Some residents in the besieged Marawi city on the Mindanao Island in the Philippines are left with no food due to the ongoing military conflict in the region. They have reportedly started eating leaves and cardboard boxes for their survival, Samira Gutoc, chairperson of the Marawi Anti-Crime Movement told a local news outlet.

Much affected by the starvation battle were Muslims, who are fasting in the month of Ramadan. Local activists urge both the militants and the government to make way for food supplies in order to address the needs of the famished population in the area.

"We're asking the Philippine Army, government, and the Maute group to let the food in, especially in evacuation centres in the first district," Gutoc said.

"The martial law was supposed to fast-track relief but it is not doing that. Twenty-eight days with no access to food within the areas of Marinaut, the commercial area, Banggolo plaza...these are areas where people are eating God knows what," she added.

More than 40,000 people who managed to escape the intense fighting are being sheltered in public facilities such as community halls and schools. Widespread cases of diarrhoea and other diseases are already reported at the makeshift arrangements raising serious health concerns.

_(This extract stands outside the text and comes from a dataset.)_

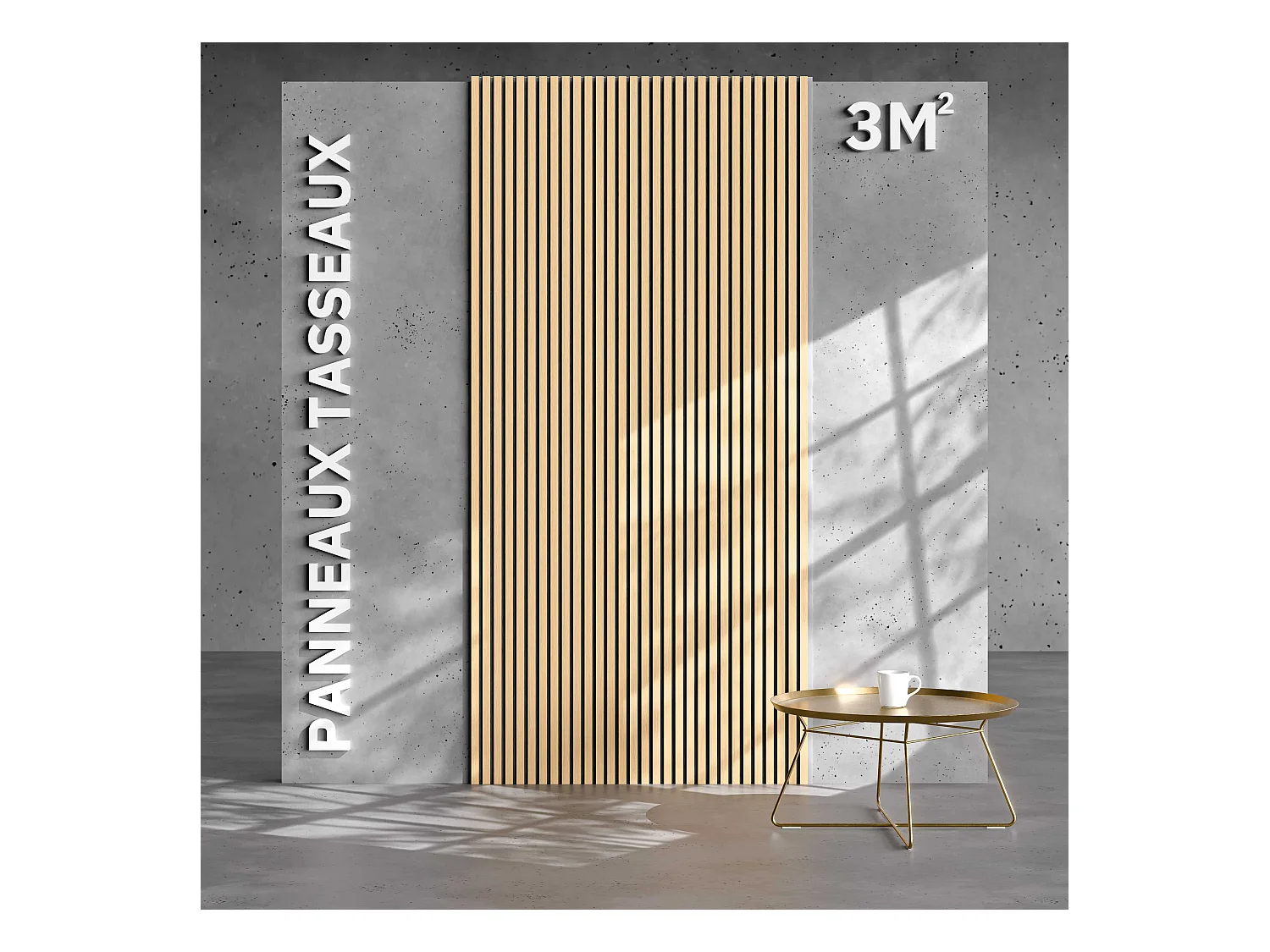 Lot de 2 Panneaux Tasseaux Bois - Chêne Feutre Blanc - 3 m², 2500 x 600 mm, Mon Marché Déco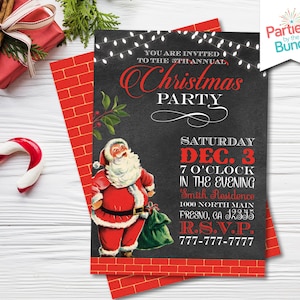 Retro Santa Claus Christmas Invitation | Holiday Open House Invite | DIGITAL FILE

Many of the 200,000 inhabitants fled Marawi – a key Muslim majority area in the Catholic-dominated Philippines – as soon as the government imposed a martial law in late May to quell an increasing Islamist-led conflict. However, those who remained trapped in the region are often used as human shields by the militants as the Filipino military is hopeful of taking back the region from the extremists.

The military has stepped up its battle against the Islamic State-inspired militants known as the Maute group in the past weeks and it intends to flush out the remaining militants in the coming days.

Philippines Marawi siege
Residents who left their homes to avoid the intense fighting between the government forces and insurgents from the Maute group, who have taken over parts of Marawi city, are seen inside the evacuation centre in Iligan city, southern Philippines Romeo Ranoco/Reuters

The Philippines government is also monitoring safe havens around Marawi city that militants can potentially use as refuge once they escape.

"All the while, the Maute group, with the connivance of the politicians there, the warlords...they were stockpiling. That's why they don't run out of M-203 bullets. The government will fire one, and they will fire back five. It's like Maute has an endless supply to fight the government," said President Rodrigo Duterte, who has promised not to stop the fight until the extremists are fully uprooted from the region.

So far, the conflict has claimed the lives of more than 350 people, mostly militants, with hundreds of others still missing.